Gambia and South Africa to remain in the International Criminal Court

Paris – On 22 February, the South African High Court declared the South African Presidential decision to withdraw from the International Criminal Court (ICC) Statute unconstitutional and led president Zuma to revoke the notice of withdrawal. This move follows the confirmation, last 17 February, by the United Nations Secretary-General that Gambia decided to reverse its withdrawal from the ICC Statute and to consider itself as a State Party. Our organisations applaud this prevalence of the rule of law and this move made by the newly elected president of The Gambia, Adama Barrow, and by South African President Zuma to strengthen their commitment to human rights and ending impunity. We encourage all States Parties to the Rome Statute to continue to support the Court and victims of international crimes.

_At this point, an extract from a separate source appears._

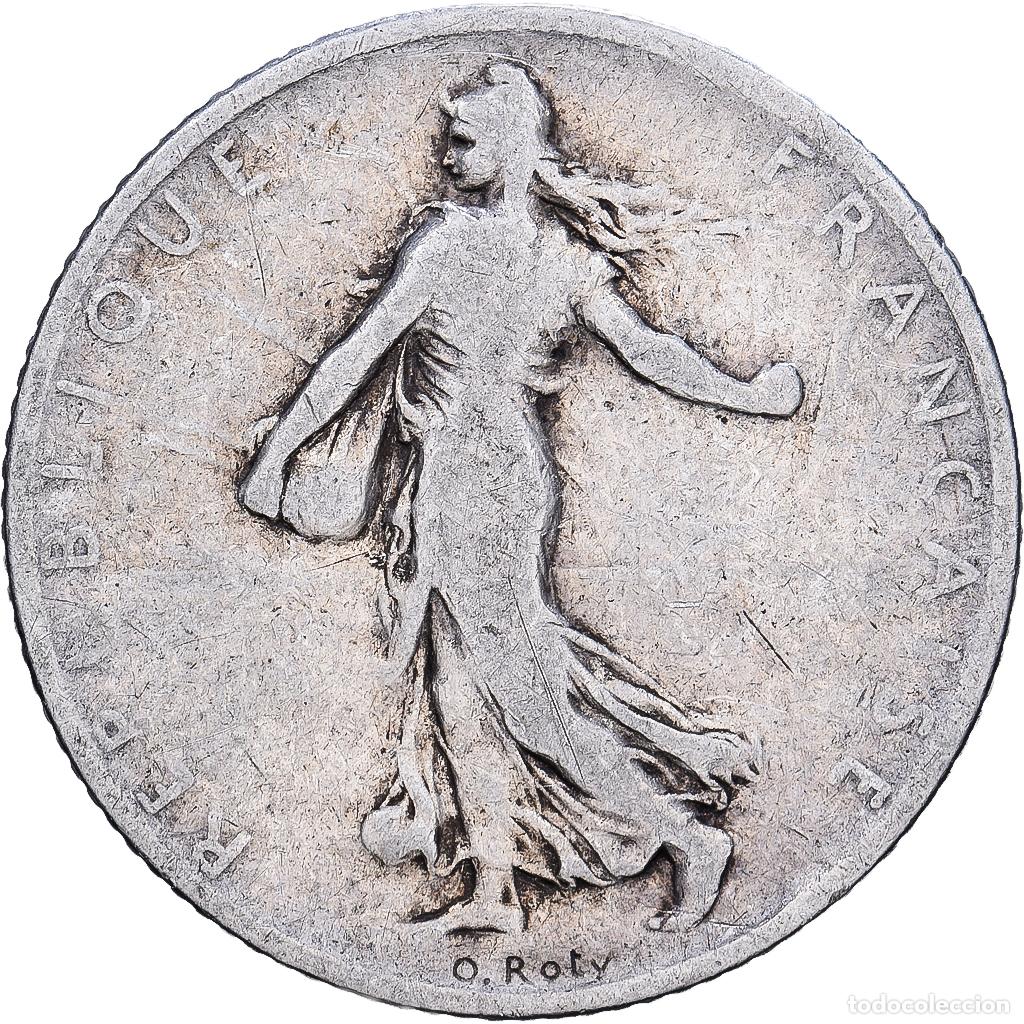Monedas antiguas de Europa: [#1530495] Francia, 1 Franc, 1898, Paris, Plata, BC+, Gadoury:467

“The decisions of Gambia and South Africa to re-engage with the international community and commit to their own population and to their obligations as ICC States Parties show that the repeated threat of mass departures from the ICC, reiterated during last AU summit of January, has no consensus or basis. It reinforces the message of support of numerous African States towards the ICC.”

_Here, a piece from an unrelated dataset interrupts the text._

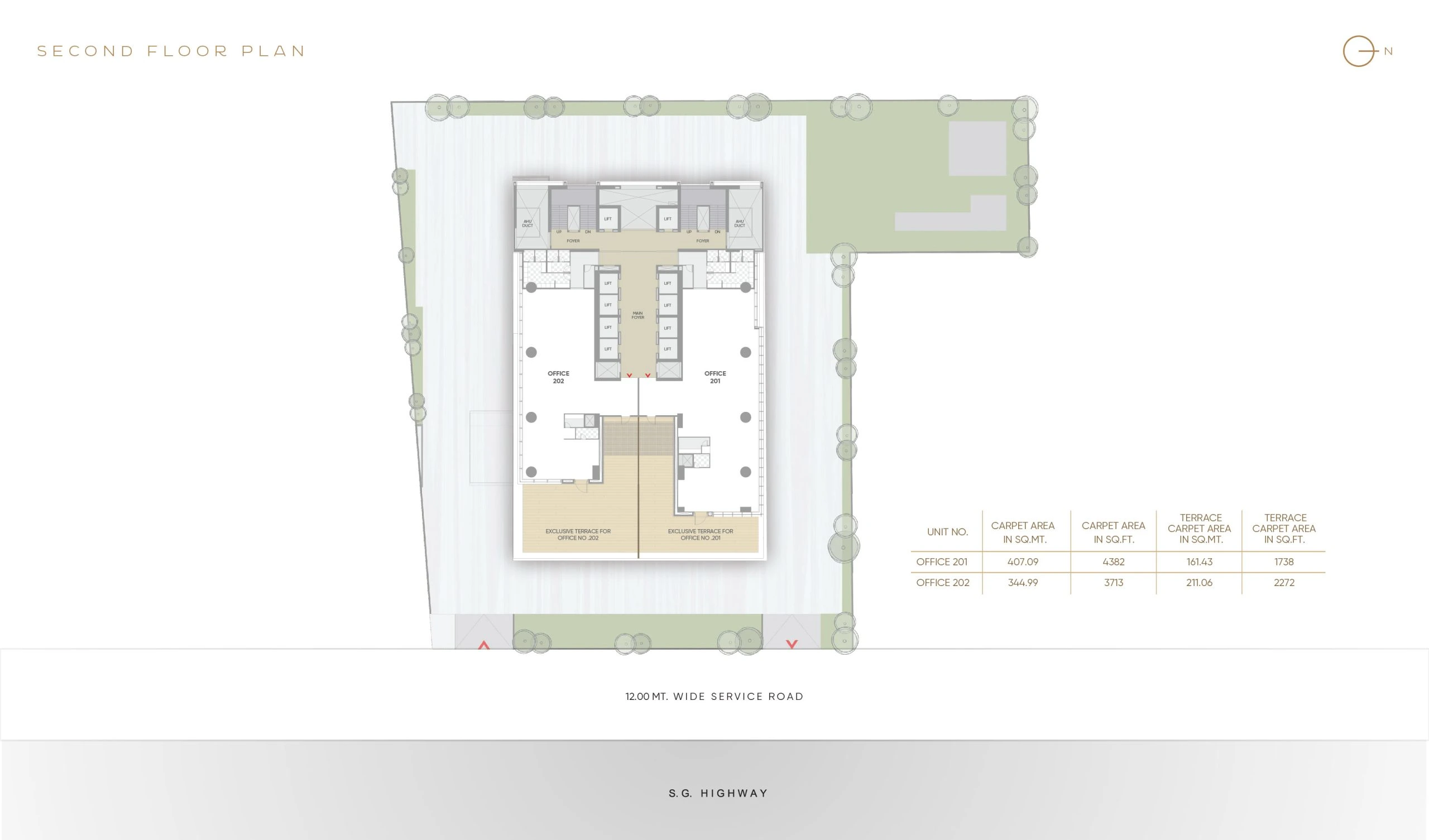 Second Floor Plan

Sheila Nabachwa, FIDH Vice President

Under the previous Presidency, on 8 November 2016, Gambia decided to withdraw from the ICC Statute, in accordance with Article 127 of the Rome Statute. The withdrawal only takes effect one year after the date of receipt of the notification by the UN Secretary General. During that time, the decision to withdraw can be reversed without having to go through the entire ratification process again.

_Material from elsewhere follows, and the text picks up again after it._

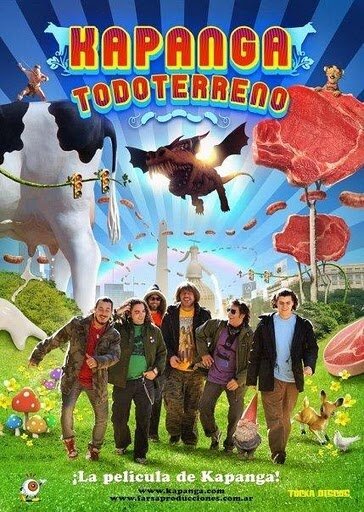 Смотреть фильм Kapanga todoterreno (2009) онлайн в хорошем качестве HDRip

Our organisations also welcome the South African High Court decision of 22 February recognising that the South Africa executive decision to withdraw from the ICC Statute without any Parliamentary approval is unconstitutional and invalid. President Zuma together with the Ministers of Justice and Correctional Services and International Relations and Cooperation were ordered to revoke the notice of withdrawal.

These decisions have even more isolated Burundi that had made similar declarations of withdrawal from the ICC Statute in October 2016, for internal political reasons, frustrating opportunities for accountability and effectiveness of victims’ rights to see justice being done for the grave crimes they have suffered. We encourage those States to join Gambia’s path and remain in the ICC.

Theses Gambia and South African decisions also confirm that the announced massive African withdrawal from the ICC is above all rhetoric. Botswana, Burkina Faso, Ivory Coast, Democratic Republic of Congo, Ghana, Lesotho, Mali, Malawi, Nigeria, Senegal, Sierra Leone, Tanzania, Tunisia and Zambia are among those that have reaffirmed their support for the ICC. Together with Liberia and Cape Verde, many of those countries also pushed back against adoption of a so-called “ICC withdrawal strategy” at the last African Union summit in January. [1]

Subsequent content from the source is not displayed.